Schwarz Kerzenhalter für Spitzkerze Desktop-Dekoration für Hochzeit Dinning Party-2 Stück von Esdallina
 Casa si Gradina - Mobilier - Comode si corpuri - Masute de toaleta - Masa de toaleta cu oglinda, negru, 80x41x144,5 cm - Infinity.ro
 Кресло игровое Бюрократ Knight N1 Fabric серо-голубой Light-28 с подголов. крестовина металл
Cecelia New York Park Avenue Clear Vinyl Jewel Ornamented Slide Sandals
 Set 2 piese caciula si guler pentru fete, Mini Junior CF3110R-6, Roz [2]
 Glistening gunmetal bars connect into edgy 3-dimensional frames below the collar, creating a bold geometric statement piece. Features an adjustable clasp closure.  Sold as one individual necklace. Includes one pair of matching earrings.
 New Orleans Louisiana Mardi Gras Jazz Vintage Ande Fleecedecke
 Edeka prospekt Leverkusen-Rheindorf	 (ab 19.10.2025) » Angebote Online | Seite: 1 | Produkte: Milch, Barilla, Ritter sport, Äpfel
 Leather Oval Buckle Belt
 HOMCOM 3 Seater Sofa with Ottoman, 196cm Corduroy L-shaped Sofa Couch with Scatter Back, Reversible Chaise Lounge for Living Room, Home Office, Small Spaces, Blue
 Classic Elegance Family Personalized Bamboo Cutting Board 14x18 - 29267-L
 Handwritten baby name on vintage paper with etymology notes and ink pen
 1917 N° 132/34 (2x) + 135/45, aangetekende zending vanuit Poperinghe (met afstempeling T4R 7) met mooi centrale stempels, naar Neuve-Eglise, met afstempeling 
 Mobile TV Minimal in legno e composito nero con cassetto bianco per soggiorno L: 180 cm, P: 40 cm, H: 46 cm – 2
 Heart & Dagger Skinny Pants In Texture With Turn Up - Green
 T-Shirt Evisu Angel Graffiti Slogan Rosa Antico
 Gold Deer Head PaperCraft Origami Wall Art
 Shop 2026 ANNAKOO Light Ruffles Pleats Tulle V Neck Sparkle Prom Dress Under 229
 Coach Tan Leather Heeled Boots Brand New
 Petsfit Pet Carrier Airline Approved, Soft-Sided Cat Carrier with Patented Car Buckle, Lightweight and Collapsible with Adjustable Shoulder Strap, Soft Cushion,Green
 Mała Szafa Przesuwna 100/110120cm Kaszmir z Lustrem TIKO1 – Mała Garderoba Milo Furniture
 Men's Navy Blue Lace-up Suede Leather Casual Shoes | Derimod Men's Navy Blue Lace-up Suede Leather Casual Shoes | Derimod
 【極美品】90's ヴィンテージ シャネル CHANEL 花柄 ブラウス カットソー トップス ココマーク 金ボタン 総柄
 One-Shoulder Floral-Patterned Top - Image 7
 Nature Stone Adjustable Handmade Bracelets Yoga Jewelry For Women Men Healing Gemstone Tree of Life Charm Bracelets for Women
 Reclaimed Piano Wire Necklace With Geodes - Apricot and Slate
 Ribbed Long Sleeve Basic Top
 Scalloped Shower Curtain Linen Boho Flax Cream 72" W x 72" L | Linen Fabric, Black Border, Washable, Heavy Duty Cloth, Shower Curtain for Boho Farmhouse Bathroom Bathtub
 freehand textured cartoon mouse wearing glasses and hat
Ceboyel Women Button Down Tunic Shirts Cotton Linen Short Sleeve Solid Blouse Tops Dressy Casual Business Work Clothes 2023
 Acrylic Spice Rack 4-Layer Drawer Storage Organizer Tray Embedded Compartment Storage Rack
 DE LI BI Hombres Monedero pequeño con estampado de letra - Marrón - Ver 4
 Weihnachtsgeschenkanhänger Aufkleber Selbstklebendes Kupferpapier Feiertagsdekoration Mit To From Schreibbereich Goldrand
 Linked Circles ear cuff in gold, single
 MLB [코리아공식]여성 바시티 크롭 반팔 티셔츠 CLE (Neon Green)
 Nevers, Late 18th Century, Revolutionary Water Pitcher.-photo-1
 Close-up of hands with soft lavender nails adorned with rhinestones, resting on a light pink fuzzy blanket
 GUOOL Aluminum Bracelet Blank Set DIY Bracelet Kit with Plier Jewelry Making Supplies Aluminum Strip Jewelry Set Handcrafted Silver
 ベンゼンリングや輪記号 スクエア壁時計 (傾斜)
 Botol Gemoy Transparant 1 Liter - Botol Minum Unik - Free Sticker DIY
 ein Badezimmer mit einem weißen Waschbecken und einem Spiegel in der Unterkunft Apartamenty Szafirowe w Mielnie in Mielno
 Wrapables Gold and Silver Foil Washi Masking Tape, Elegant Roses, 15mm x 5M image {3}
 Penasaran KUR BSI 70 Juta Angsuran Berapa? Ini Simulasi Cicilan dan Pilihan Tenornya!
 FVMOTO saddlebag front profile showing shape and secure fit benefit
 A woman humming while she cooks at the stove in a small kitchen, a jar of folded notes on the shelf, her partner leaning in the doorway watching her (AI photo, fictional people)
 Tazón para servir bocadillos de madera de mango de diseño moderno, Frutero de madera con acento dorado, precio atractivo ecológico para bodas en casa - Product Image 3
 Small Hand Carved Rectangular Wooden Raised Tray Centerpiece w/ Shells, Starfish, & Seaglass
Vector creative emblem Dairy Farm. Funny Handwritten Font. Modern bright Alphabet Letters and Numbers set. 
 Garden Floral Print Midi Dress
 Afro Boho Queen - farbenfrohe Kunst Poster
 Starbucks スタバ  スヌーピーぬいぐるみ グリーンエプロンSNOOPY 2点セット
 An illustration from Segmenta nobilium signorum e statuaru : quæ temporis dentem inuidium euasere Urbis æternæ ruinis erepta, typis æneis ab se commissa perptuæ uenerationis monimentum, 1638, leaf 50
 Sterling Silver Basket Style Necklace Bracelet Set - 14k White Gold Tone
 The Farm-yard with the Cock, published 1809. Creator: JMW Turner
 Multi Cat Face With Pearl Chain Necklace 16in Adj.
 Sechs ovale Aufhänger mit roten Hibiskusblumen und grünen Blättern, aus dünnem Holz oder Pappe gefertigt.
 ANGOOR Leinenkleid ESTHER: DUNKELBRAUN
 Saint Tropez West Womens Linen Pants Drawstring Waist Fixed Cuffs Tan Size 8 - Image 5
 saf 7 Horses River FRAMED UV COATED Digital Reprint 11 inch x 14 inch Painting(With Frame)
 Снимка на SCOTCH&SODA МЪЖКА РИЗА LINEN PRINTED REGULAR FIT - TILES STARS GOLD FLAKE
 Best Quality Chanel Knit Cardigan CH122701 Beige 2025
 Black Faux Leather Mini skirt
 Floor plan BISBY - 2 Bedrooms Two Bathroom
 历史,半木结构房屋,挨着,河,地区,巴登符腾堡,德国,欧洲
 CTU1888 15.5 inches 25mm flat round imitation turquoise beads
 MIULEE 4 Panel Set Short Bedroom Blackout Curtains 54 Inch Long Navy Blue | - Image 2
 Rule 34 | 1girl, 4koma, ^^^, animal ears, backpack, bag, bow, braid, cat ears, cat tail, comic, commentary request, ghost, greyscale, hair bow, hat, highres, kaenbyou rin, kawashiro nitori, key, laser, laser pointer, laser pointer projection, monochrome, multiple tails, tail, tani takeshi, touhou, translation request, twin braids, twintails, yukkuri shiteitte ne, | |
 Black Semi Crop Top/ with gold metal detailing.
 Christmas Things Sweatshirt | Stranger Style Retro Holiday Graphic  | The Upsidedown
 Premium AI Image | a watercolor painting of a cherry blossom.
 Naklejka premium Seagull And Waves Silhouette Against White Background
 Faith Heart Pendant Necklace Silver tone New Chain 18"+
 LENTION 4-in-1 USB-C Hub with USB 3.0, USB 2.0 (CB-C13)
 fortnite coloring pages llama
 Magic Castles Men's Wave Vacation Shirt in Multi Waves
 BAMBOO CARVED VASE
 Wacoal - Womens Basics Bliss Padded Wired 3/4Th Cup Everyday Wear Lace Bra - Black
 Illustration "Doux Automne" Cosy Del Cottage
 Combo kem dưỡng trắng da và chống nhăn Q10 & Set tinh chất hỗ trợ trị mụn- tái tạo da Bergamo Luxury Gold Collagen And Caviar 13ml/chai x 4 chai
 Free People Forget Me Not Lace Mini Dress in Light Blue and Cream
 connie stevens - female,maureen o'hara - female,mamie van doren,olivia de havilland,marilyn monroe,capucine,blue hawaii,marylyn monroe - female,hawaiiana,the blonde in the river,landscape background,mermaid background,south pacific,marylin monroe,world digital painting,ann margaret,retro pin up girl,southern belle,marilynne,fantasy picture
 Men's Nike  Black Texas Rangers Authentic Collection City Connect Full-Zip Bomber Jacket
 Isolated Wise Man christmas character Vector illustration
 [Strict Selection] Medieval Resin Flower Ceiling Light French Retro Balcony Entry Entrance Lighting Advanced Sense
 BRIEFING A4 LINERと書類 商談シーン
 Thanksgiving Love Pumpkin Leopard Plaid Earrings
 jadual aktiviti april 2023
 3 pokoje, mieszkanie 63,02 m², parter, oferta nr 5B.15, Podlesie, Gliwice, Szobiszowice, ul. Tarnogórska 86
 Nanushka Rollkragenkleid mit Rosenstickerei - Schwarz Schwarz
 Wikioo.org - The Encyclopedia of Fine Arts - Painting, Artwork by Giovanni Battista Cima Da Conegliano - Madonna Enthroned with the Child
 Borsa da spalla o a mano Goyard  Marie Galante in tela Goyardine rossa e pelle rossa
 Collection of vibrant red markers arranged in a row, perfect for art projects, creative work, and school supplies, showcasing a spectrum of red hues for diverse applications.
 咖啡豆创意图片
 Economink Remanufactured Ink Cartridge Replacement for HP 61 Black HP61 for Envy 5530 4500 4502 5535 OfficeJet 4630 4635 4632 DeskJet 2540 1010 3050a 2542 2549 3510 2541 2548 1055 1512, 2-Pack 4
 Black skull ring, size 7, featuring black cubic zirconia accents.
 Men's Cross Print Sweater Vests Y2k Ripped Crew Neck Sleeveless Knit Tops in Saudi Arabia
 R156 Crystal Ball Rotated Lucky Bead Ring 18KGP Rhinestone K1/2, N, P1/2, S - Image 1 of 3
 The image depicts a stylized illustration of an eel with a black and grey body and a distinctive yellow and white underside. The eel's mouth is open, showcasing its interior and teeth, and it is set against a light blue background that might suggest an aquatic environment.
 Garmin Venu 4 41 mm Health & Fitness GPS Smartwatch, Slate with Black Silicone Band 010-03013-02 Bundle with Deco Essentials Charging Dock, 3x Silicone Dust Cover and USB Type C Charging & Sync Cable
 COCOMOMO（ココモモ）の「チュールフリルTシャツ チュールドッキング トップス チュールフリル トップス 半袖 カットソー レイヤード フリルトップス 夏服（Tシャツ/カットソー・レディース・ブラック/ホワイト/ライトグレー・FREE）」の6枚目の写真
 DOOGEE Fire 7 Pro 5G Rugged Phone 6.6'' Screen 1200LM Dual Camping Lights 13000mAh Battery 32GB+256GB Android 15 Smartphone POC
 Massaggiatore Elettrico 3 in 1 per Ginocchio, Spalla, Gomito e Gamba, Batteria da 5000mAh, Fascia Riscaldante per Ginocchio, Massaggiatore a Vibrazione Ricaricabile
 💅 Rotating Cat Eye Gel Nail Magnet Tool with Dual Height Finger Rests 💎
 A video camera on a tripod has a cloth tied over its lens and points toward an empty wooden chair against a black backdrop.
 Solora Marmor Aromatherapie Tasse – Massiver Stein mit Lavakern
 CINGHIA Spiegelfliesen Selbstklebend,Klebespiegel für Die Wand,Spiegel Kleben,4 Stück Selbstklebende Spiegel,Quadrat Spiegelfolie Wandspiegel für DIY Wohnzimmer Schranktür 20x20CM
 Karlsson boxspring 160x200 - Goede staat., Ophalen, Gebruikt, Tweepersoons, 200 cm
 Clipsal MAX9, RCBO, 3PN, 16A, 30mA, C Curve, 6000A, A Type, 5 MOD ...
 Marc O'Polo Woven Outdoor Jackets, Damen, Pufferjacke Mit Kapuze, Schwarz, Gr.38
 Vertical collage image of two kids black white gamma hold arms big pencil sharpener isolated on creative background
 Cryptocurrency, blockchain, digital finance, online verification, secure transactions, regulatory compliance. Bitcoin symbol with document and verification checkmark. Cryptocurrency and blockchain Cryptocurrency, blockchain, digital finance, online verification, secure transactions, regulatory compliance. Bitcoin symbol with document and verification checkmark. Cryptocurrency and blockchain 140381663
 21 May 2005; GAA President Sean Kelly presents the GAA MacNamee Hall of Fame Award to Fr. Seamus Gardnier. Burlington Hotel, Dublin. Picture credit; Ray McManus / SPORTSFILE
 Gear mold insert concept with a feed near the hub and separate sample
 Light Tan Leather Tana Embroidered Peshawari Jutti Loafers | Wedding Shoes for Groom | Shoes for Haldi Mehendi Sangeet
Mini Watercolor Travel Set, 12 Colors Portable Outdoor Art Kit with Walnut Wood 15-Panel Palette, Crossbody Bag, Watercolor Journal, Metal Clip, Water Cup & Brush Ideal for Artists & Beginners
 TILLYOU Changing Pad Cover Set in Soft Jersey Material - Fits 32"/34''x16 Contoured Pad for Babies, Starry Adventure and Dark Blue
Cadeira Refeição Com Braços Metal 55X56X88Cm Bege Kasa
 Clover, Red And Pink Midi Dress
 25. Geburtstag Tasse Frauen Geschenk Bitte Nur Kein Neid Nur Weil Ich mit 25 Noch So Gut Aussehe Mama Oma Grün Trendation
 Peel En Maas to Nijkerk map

☆ ☆ ☆ ☆

*About this task*: Return each line from the material that includes the string "Cover".

*Answer section*:
 Garmin Venu 4 41 mm Health & Fitness GPS Smartwatch, Slate with Black Silicone Band 010-03013-02 Bundle with Deco Essentials Charging Dock, 3x Silicone Dust Cover and USB Type C Charging & Sync Cable
 TILLYOU Changing Pad Cover Set in Soft Jersey Material - Fits 32"/34''x16 Contoured Pad for Babies, Starry Adventure and Dark Blue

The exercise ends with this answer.